> Gedichte und Zitate für alle: W. Bode: Goethe in vertraulichen Briefen......12.08.1766 Horn an Moors (10)

2015-08-17

W. Bode: Goethe in vertraulichen Briefen......12.08.1766 Horn an Moors (10)



1766

12. August


Leipzig. Horn an Moors

In Frankfurt hatte Wolfgang Goethe in den letzten Jahren besonders mit den Nachbarssöhnen und Altersgenossen Horn, Riese, Kehr und Moors verkehrt. Riese und Kehr gingen im Herbst 1865 nach Marburg, Moors nach Göttingen. Ostern 1766 folgte Horn seinem Freund Goethe nach Leipzig und konnte bald über ihn berichten.

Das ist immer noch der stolze Phantast, der er war, als ich herkam. Wenn Du ihn nur sähst, Du würdest entweder vor Zorn rasend werden oder vor Lachen bersten müssen. 

Ich kann gar nicht einsehen, wie sich ein Mensch so geschwind verändern kann. Alle seine Sitten und sein ganzes jetziges Betragen sind himmelweit von seiner vorigen Aufführung unterschieden. Er ist bei seinem Stolze auch ein Stutzer, und alle seine Kleider, so schön sie auch sind, sind von so einem närrischen goüt, der ihn auf der ganzen Akademie auszeichnet. Doch dieses ist ihm alles einerlei, man mag ihm seine Torheit Vorhalten, soviel man will.

Man mag Amphion sein und Feld und Wald bezwingen, 
Nur keinen Goethe nicht kann man zur Klugheit bringen.

Sein ganzes Dichten und Trachten ist nur, seiner gnädigen Fräulein und sich selbst zu gefallen. Er macht sich in allen Gesellschaften mehr lächerlich als angenehm. Er hat sich — bloß weil es die Fräulein gern sieht — solche porte-mains und Gebärden angewöhnt, bei welchen man unmöglich das Lachen enthalten kann. Einen Gang hat er angenommen, der ganz unerträglich ist. Wenn Du es nur sähest!

II marche ä pas comtes
Comme un recteur suivi des quatres facultees.
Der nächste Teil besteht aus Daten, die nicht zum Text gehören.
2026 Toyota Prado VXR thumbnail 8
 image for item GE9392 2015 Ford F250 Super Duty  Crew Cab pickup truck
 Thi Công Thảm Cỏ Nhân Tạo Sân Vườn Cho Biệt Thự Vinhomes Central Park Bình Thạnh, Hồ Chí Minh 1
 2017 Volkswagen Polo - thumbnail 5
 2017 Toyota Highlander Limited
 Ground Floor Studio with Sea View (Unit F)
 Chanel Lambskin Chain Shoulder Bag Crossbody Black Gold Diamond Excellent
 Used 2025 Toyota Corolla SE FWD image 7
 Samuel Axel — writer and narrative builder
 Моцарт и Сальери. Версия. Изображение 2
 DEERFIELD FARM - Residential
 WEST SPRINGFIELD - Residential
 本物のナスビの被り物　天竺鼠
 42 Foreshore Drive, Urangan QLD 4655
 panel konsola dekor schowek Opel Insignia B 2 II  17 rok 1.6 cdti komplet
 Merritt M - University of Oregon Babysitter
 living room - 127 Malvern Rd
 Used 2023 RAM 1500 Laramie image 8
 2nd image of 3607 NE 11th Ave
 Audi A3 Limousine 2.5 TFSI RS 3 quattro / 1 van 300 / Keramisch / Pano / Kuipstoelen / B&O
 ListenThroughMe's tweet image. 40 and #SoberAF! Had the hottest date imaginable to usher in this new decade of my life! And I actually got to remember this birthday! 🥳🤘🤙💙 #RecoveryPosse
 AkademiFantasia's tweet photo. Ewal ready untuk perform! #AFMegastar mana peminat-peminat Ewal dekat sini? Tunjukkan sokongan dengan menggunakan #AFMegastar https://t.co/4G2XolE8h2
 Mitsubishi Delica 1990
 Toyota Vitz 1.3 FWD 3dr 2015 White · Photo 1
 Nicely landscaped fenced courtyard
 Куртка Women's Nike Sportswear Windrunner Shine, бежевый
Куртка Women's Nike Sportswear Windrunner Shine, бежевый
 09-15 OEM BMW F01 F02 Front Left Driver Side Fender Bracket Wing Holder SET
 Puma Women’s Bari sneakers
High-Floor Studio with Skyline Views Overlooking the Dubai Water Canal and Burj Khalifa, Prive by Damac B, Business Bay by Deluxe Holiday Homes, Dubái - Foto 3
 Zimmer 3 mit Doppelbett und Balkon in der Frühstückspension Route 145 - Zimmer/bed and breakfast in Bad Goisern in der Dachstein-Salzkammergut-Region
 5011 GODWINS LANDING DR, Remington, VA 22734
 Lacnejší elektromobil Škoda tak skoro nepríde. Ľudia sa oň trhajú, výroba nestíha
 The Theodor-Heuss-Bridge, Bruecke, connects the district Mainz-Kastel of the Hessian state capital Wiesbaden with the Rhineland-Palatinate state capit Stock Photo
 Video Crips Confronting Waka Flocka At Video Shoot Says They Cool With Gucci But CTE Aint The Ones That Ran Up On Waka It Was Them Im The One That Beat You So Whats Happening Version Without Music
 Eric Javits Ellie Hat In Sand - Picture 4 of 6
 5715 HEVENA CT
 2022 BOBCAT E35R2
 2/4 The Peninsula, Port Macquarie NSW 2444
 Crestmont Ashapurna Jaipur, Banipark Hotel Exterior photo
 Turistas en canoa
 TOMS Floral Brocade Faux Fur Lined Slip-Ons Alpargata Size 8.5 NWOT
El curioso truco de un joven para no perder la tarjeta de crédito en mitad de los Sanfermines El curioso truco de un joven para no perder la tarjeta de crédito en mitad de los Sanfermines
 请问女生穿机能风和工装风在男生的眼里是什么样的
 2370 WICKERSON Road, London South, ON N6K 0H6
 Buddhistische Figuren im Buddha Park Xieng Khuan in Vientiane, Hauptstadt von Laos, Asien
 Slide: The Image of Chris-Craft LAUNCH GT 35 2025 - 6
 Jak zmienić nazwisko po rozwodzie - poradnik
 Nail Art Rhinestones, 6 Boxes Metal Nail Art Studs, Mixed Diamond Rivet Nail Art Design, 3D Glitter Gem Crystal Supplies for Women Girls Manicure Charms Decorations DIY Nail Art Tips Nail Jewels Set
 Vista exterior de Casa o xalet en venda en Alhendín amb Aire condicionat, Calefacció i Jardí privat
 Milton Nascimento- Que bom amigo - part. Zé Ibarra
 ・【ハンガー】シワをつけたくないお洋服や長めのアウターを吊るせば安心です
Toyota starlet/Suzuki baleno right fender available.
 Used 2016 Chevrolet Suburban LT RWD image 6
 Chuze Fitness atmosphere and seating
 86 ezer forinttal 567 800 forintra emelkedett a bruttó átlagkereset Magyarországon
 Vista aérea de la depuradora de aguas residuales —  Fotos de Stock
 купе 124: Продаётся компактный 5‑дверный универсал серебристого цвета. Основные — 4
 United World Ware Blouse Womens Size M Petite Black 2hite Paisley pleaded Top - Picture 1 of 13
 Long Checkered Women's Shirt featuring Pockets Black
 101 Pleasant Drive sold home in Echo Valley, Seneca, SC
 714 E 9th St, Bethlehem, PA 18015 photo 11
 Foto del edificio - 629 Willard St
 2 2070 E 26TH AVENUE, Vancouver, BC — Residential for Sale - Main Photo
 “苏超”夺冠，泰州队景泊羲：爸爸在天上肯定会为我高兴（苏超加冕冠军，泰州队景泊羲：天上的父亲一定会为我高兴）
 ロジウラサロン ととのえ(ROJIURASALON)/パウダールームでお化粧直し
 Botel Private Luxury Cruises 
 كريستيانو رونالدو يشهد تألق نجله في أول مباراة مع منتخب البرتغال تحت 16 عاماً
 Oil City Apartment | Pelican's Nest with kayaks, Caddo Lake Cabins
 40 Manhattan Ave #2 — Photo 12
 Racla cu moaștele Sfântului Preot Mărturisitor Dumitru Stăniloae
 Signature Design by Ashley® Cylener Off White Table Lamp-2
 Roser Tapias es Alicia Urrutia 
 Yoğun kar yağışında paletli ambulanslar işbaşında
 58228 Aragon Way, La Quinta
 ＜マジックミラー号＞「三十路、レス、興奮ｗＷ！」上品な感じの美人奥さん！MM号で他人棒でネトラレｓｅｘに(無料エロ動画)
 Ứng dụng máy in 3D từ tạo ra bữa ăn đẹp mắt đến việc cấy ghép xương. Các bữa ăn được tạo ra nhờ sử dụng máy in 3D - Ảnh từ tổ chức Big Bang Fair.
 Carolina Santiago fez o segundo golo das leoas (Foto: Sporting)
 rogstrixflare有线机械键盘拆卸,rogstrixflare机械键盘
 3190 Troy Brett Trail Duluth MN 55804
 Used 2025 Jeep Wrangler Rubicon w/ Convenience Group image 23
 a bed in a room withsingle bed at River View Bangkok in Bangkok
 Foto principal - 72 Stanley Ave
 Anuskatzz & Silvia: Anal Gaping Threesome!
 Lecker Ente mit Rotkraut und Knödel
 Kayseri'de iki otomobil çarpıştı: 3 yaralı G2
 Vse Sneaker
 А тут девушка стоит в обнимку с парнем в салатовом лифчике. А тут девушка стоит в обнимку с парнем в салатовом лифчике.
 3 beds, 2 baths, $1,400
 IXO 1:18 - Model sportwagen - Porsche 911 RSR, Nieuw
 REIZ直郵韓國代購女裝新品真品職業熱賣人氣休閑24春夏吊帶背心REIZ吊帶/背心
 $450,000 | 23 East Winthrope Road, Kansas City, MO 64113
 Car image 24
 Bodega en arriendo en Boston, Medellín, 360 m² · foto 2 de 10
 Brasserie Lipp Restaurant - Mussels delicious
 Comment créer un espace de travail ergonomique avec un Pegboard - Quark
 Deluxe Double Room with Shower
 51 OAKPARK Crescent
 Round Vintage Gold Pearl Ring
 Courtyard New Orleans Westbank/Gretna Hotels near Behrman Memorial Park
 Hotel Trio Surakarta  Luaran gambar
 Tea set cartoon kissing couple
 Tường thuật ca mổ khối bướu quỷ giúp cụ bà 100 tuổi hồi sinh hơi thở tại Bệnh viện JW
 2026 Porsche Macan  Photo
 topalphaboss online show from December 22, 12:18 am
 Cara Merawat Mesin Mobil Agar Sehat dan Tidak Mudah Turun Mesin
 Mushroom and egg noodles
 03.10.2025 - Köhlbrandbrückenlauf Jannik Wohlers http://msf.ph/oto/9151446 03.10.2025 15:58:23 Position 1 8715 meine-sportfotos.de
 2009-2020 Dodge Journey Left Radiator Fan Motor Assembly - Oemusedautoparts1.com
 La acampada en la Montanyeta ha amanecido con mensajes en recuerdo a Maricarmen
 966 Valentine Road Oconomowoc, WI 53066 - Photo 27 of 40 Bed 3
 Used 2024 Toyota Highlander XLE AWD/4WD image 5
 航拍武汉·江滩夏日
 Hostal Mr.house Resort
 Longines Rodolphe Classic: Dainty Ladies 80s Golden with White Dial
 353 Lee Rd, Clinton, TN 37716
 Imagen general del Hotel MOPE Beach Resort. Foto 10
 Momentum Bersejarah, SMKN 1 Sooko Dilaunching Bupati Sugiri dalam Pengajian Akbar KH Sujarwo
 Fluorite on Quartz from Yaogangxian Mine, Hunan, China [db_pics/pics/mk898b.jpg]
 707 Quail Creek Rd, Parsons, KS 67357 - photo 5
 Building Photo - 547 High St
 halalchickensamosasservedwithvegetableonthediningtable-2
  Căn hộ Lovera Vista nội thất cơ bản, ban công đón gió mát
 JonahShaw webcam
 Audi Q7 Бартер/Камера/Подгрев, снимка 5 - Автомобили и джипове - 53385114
Sein Umgang wird mir alle Tage unerträglicher, und er sucht auch denselbigen, wo er kann, zu vermeiden. Ich bin ihm zu schlecht, daß er mit mir über die Straße gehen sollte. Was würde der König von Holland sagen, wenn er ihn in dieser Positur sähe ? 

Schreibe doch bald wieder einmal an ihn und sage ihm die Meinung; er bleibt sonst samt seiner gnädigen Fräulein närrisch. Wenn mich nur der Himmel, solange ich hier bin, vor einem Mädchen bewahrt, denn das hiesige Weibsvolk ist ganz des Teufels. Goethe ist nicht der erste, der seiner Dulcinea zu Gefallen ein Narr ist. Ich wünschte nur, daß Du sie ein einzig Mal sähest. Sie ist die abgeschmackste Kreatur von der Welt. Eine minecoquette avec un air hautain ist alles, womit sie Goethen bezaubert hat. 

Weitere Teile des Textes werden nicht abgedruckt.